Málaga Airport , officially Málaga–Costa del Sol Airport () since June 2011, is the fourth busiest airport in Spain after Madrid–Barajas, Barcelona and Palma de Mallorca. It is significant for Spanish tourism as the main international airport serving the Costa del Sol.  It is  southwest of Málaga and  north of Torremolinos.  The airport has flight connections to over 60 countries worldwide, and over 14.4 million passengers passed through it in 2015. In 2017, 18.6 million passengers passed through Málaga Airport.

The airport operates with three terminals.  The third terminal adjacent to the previous two opened on 15 March 2010, with flight operations commencing the following day. A second runway opened on 26 June 2012.

Málaga Airport is the busiest international airport of Andalusia, accounting for 85 per cent of the autonomous community's non-domestic traffic. It offers a wide variety of international destinations. The airport, connected to the Costa del Sol, has a daily link with twenty cities in Spain and over one hundred cities in Europe. Direct flights also operate to Africa, the Middle East and also to North America in the summer season. Airlines with a base at the airport are Air Europa, Norwegian, Scandinavian Airlines, Ryanair, Vueling and Easyjet which operates a seasonal base.

History and development

Málaga Airport is one of the oldest Spanish airports that has stayed in its original location.

Málaga Airport opened on 9 March 1919.   After test flights, the first scheduled air service from Málaga began on 1 September 1919 when Didier Daurat began regular flights between Toulouse, Barcelona, Alicante, Tangier and Casablanca.

The single runway was extended in the 1960s, and a new terminal was erected in the centre of the site. During this period of development, new navigational equipment was installed, including radar system at the end of the decade, in 1970.
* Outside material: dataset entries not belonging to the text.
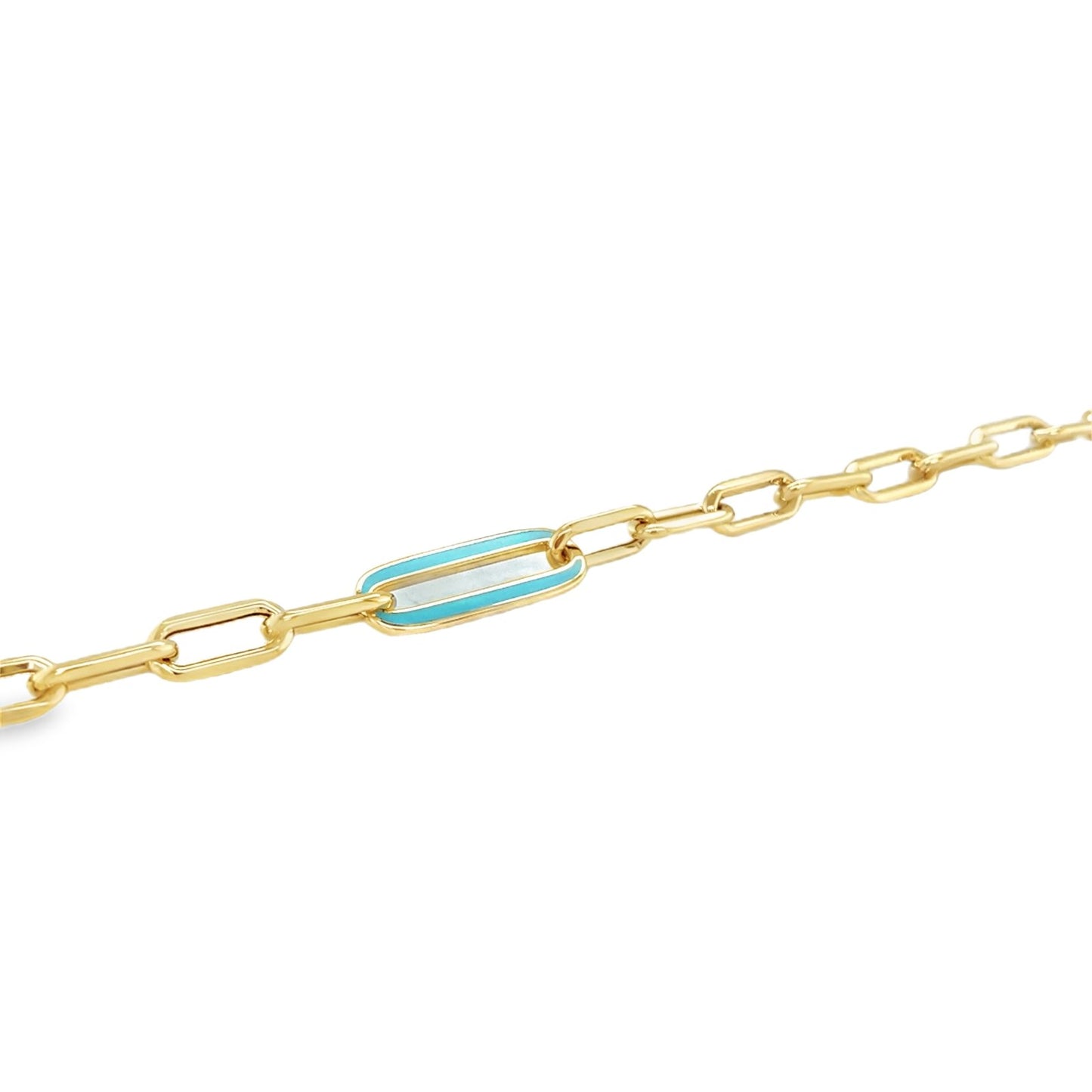Jai's 14K Yellow Gold Turquoise Paperclip Chain Bracelet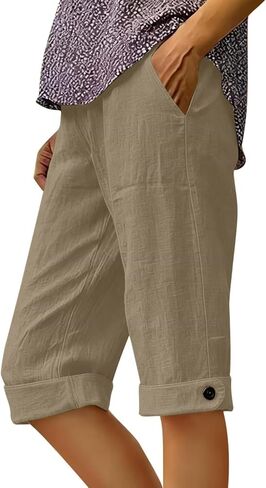 Cotton Linen Capri Pants for Women 2026 Summer Knee Length Shorts with Pockets Straight Leg Loose Beach Shorts in Saudi Arabia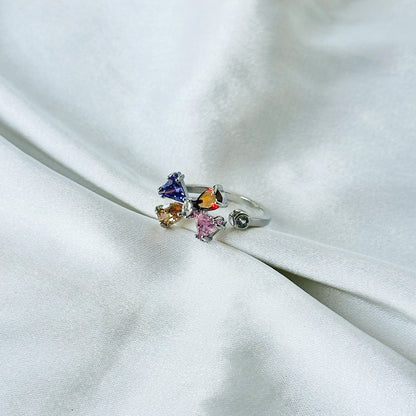 Multi-Color Inspired CZ Silver-Plated Adjustable Ring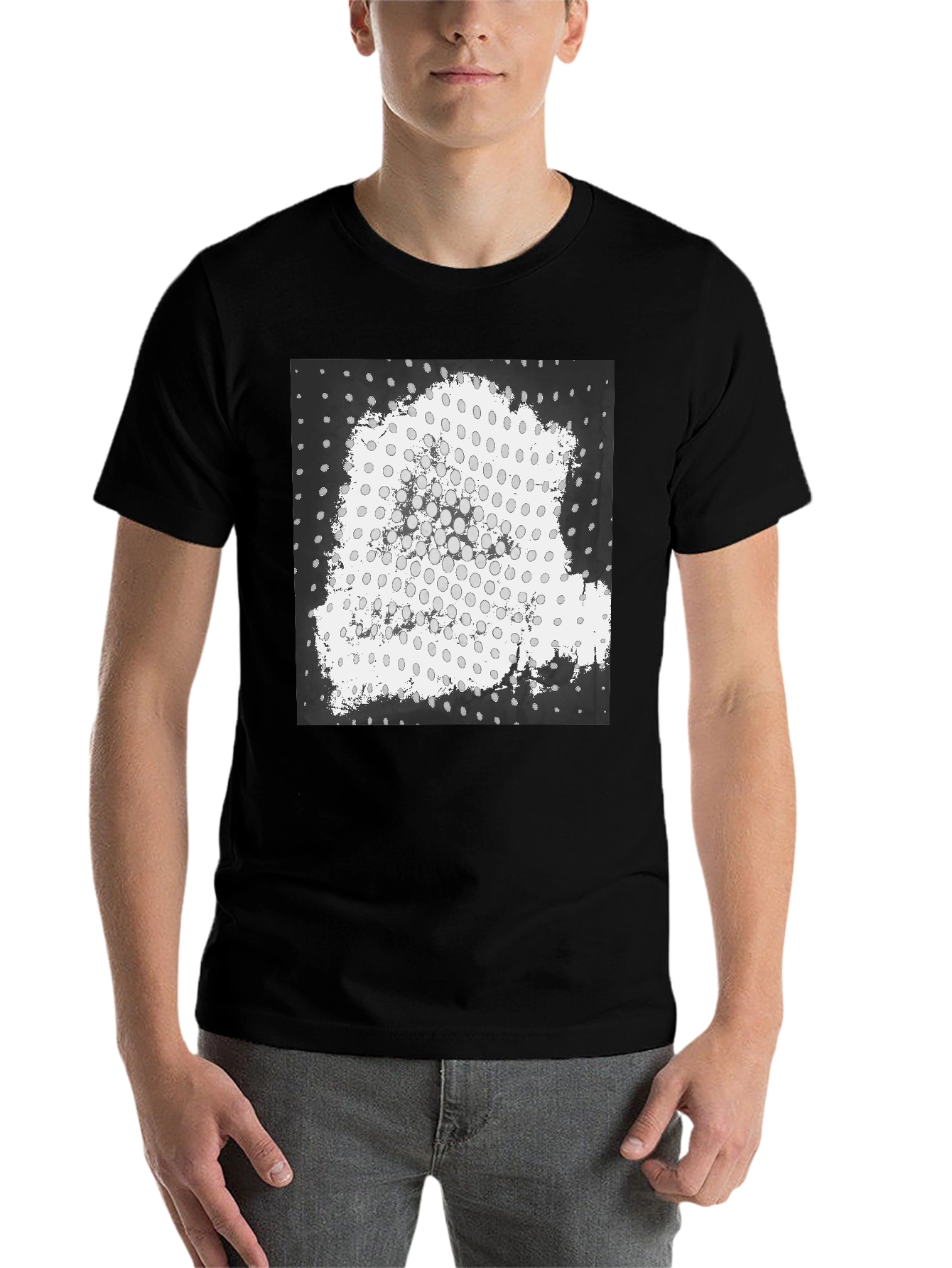 Black Abstract Graphic Print Black Cotton Casual T-Shirt view 7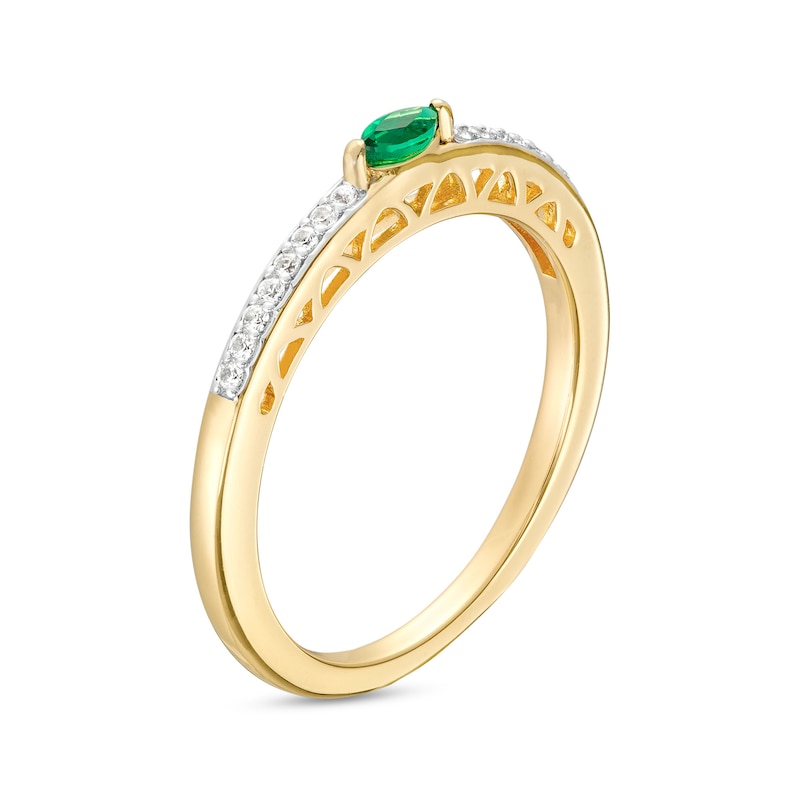 Main Image 3 of Marquise Lab-Created Emerald and White Lab-Created Sapphire Ring in Sterling Silver with 14K Gold Plate – Size 7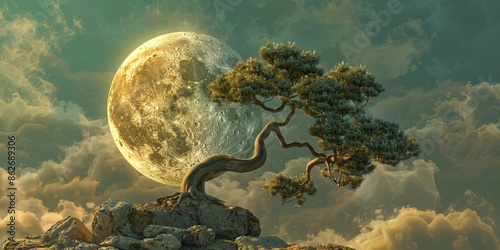 Stylized Golden Tree Against a Textured Moon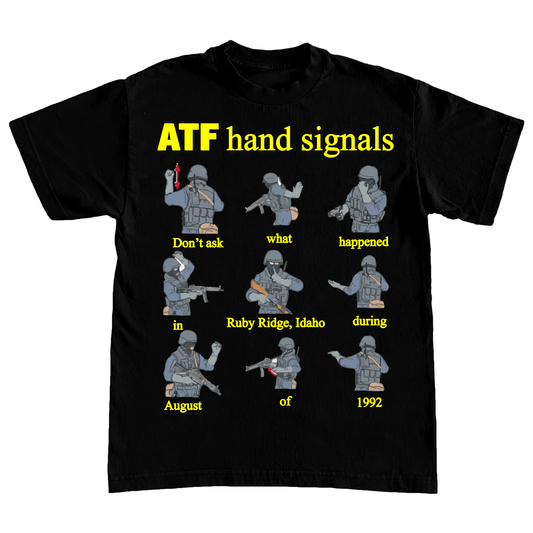 "ATF HAND SIGNS" 6oz COTTON TSHIRT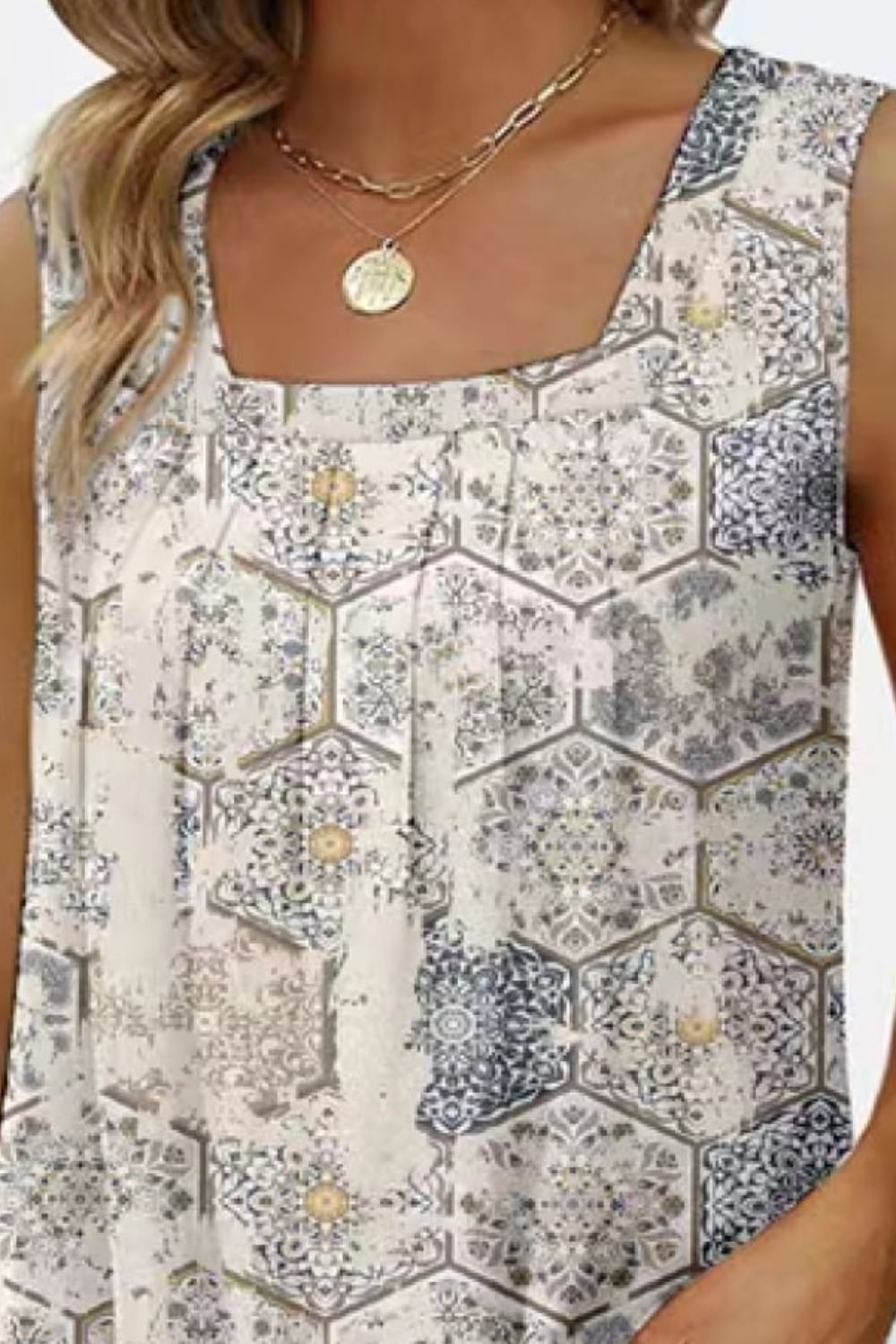 Printed Square Neck Curved Hem Tank-Teresa&#39;s Fashionista LLC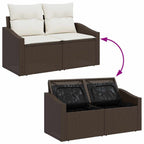 Garten-Sofa-Set mit Speicher 7 pcs Braun Poly Rattan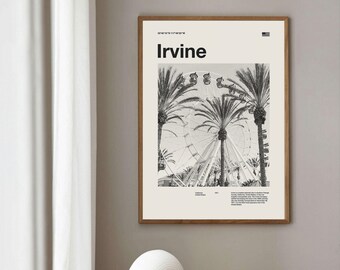 Irvine City Art Print | Irvine Poster | Irvine Wall Art | Mid Century Poster | Travel Print Art | California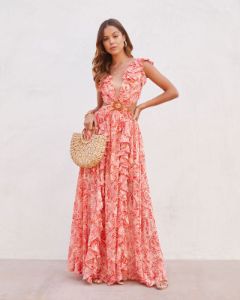 Daniella Paisley Ruffle Cutout Maxi Dress sold by Vici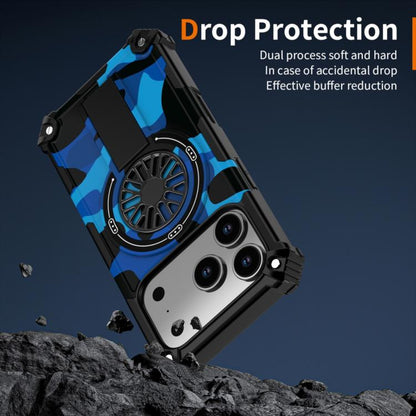 For iPhone 17 Pro Max Camouflage Kickstand Rotating Shaft MagSafe Phone Case(Blue Camouflage) - iPhone 17 Pro Max Cases by buy2fix | Online Shopping UK | buy2fix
The airport was given its current title in 1965. In 1968 a new passenger terminal was opened. In 1972 a second passenger terminal was opened to cater specifically for non-scheduled traffic. An increase in companies offering package holidays (around 30 by 1965) meant that this type of traffic was providing an increasing proportion of the airport's business. The terminal was very similar to the ones that were built in Palma de Mallorca, Alicante, Ibiza and Girona.

On 30 November 1991, a new passenger terminal opened at the airport which is today's Terminal 2. It was designed by Ricardo Bofill Taller de Arquitectura. Almost all services moved their operations to this terminal when it opened with the exception of checking in.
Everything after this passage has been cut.